What to work on: The material below holds pictures, which are to be left out; copy exactly the lines from the one with "A bowl of leftover" through the one with "Please note that".

------------------------------------------------

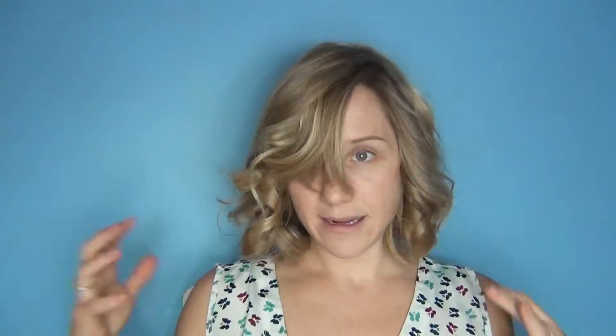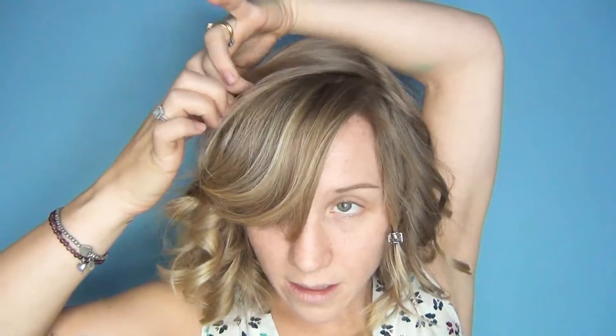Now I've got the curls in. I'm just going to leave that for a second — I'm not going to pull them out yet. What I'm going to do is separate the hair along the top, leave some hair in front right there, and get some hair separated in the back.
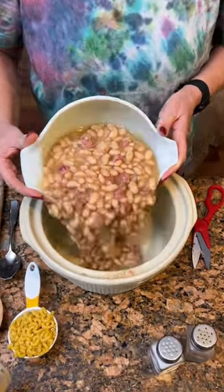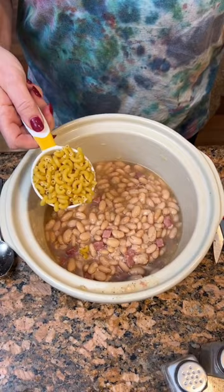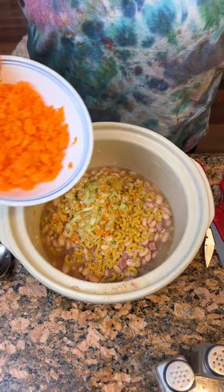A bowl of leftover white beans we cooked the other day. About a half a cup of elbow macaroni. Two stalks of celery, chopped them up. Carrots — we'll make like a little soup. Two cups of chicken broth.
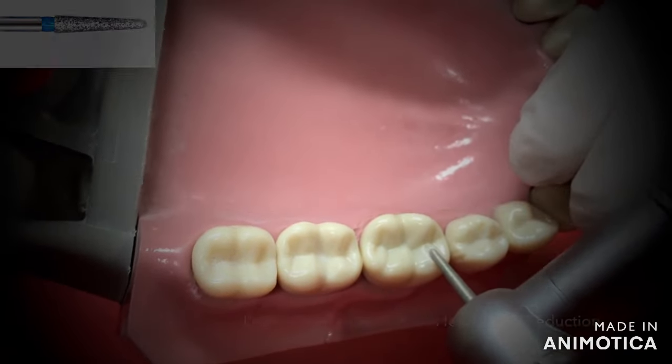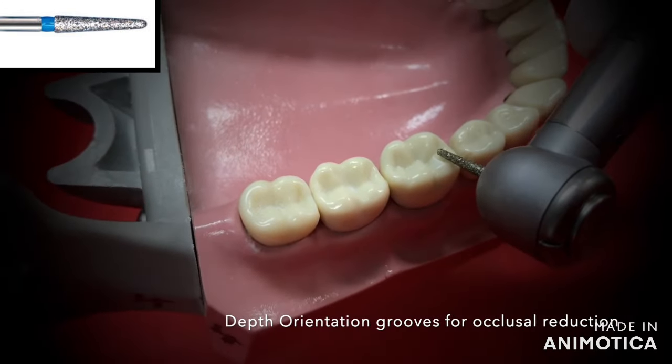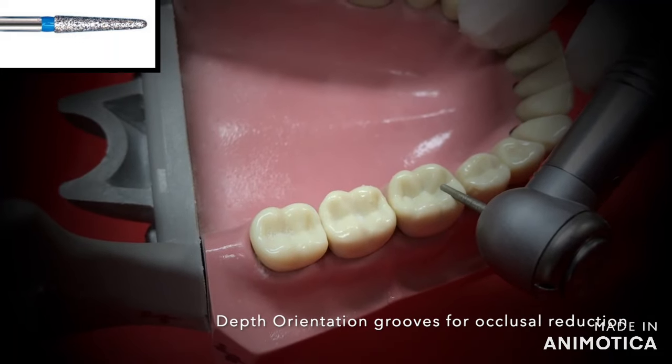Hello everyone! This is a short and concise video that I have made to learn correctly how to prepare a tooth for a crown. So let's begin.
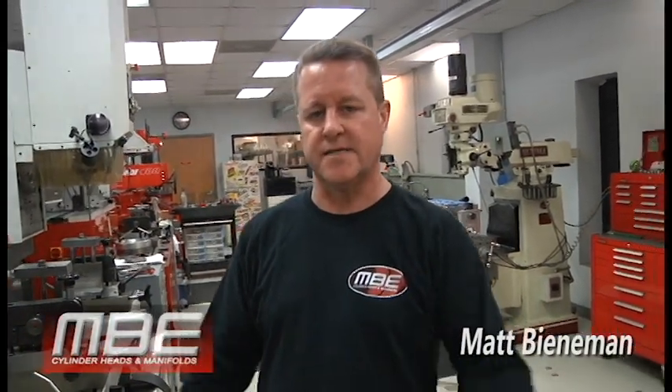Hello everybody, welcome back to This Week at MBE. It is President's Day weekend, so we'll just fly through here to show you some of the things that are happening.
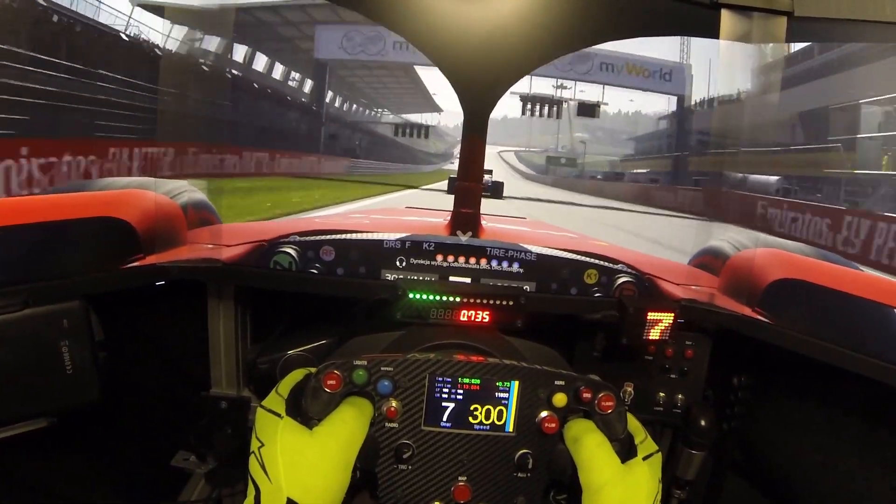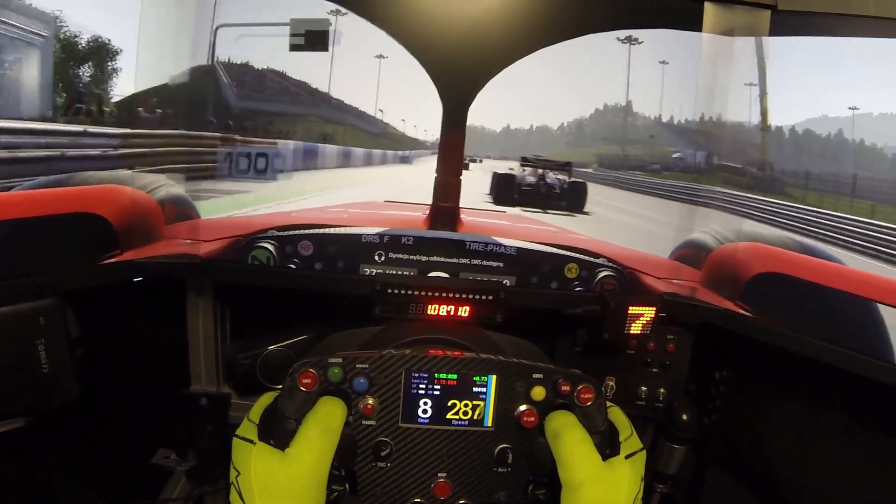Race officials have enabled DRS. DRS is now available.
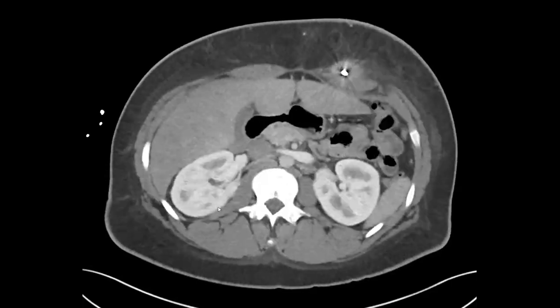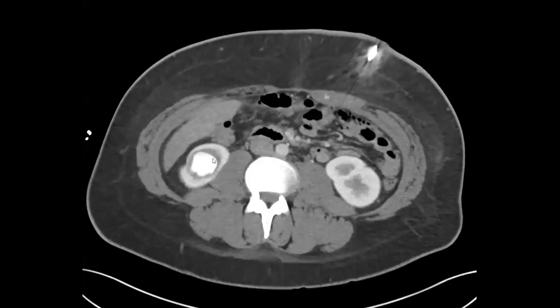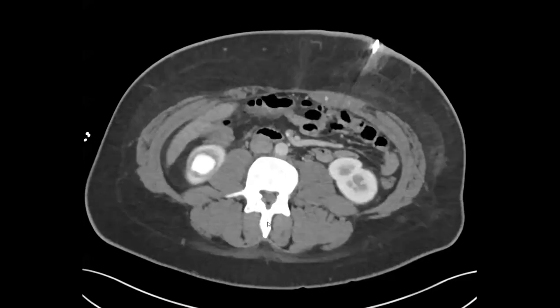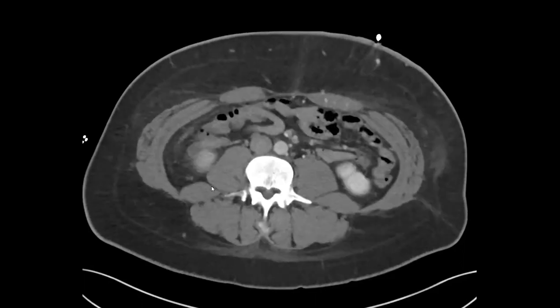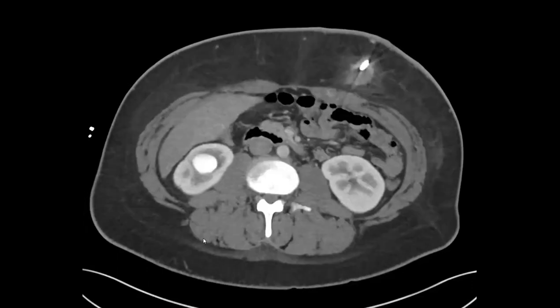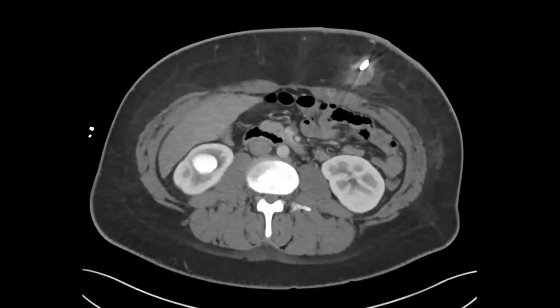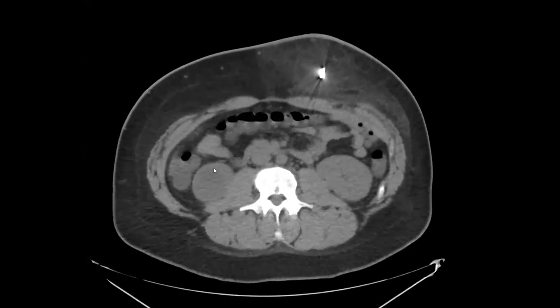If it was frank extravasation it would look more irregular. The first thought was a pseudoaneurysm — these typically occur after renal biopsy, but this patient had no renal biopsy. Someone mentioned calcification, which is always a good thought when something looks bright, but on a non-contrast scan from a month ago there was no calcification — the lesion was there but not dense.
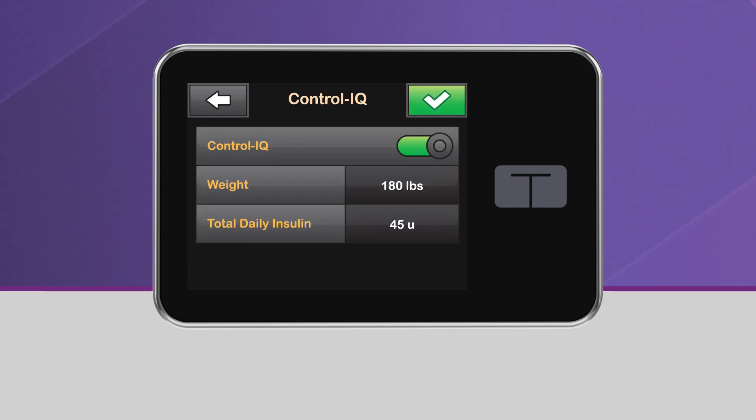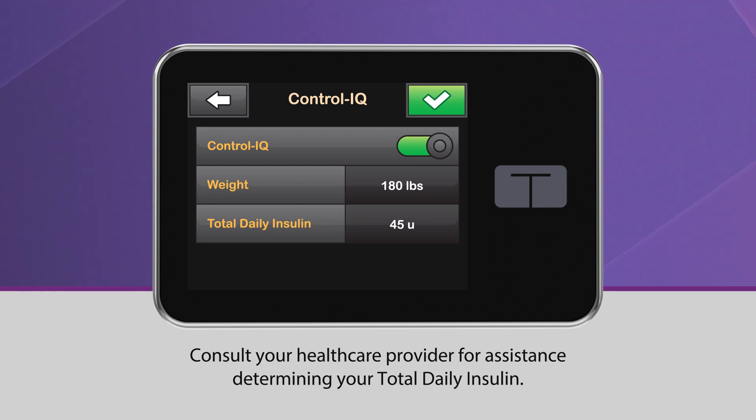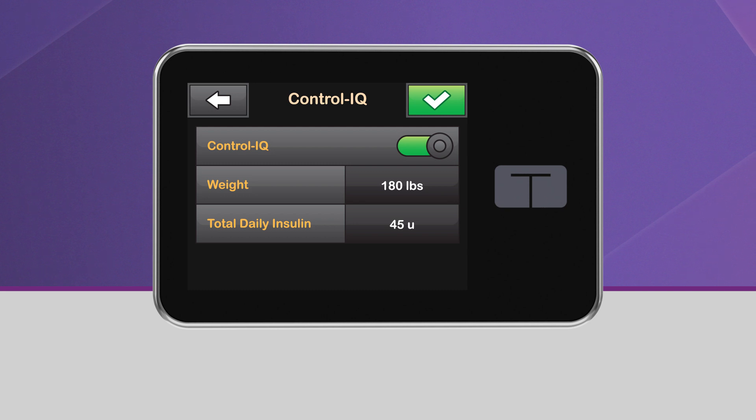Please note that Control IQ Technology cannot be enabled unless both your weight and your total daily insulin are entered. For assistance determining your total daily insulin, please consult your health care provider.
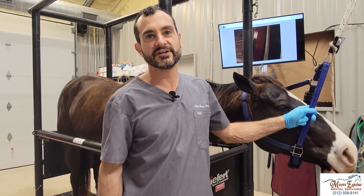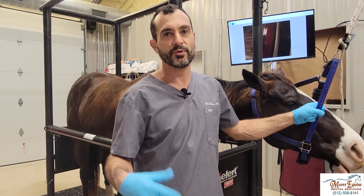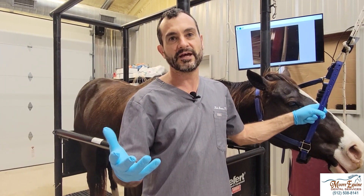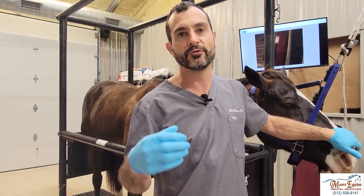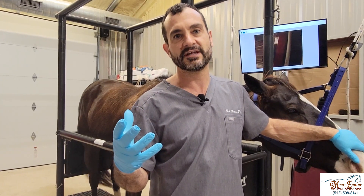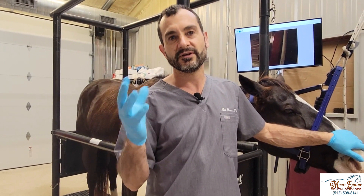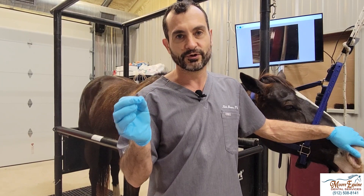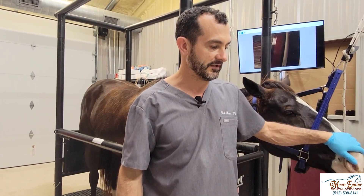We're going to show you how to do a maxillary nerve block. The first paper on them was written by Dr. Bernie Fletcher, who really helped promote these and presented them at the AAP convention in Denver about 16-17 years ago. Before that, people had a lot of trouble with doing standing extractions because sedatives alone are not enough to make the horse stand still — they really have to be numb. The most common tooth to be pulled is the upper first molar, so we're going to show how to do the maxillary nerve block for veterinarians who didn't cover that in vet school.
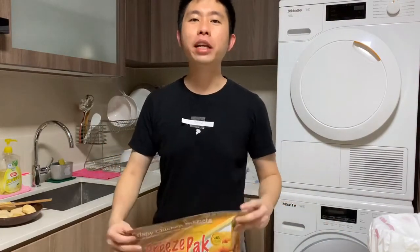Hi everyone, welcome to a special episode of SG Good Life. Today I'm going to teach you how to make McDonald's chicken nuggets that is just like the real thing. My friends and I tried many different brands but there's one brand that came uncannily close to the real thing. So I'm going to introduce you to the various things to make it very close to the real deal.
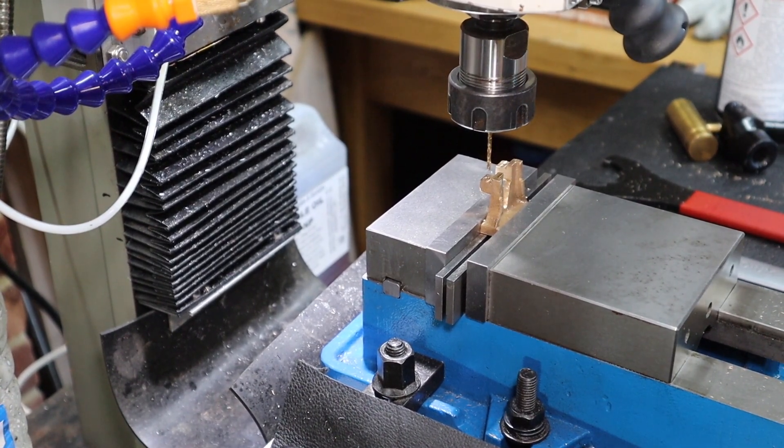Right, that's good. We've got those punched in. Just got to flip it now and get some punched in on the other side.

------------------------------------------------

Solved problem:
A bowl of leftover white beans we cooked the other day. About a half a cup of elbow macaroni. Two stalks of celery, chopped them up. Carrots — we'll make like a little soup. Two cups of chicken broth.
Hello everyone! This is a short and concise video that I have made to learn correctly how to prepare a tooth for a crown. So let's begin.
Hello everybody, welcome back to This Week at MBE. It is President's Day weekend, so we'll just fly through here to show you some of the things that are happening.
Race officials have enabled DRS. DRS is now available.
If it was frank extravasation it would look more irregular. The first thought was a pseudoaneurysm — these typically occur after renal biopsy, but this patient had no renal biopsy. Someone mentioned calcification, which is always a good thought when something looks bright, but on a non-contrast scan from a month ago there was no calcification — the lesion was there but not dense.
Please note that Control IQ Technology cannot be enabled unless both your weight and your total daily insulin are entered. For assistance determining your total daily insulin, please consult your health care provider.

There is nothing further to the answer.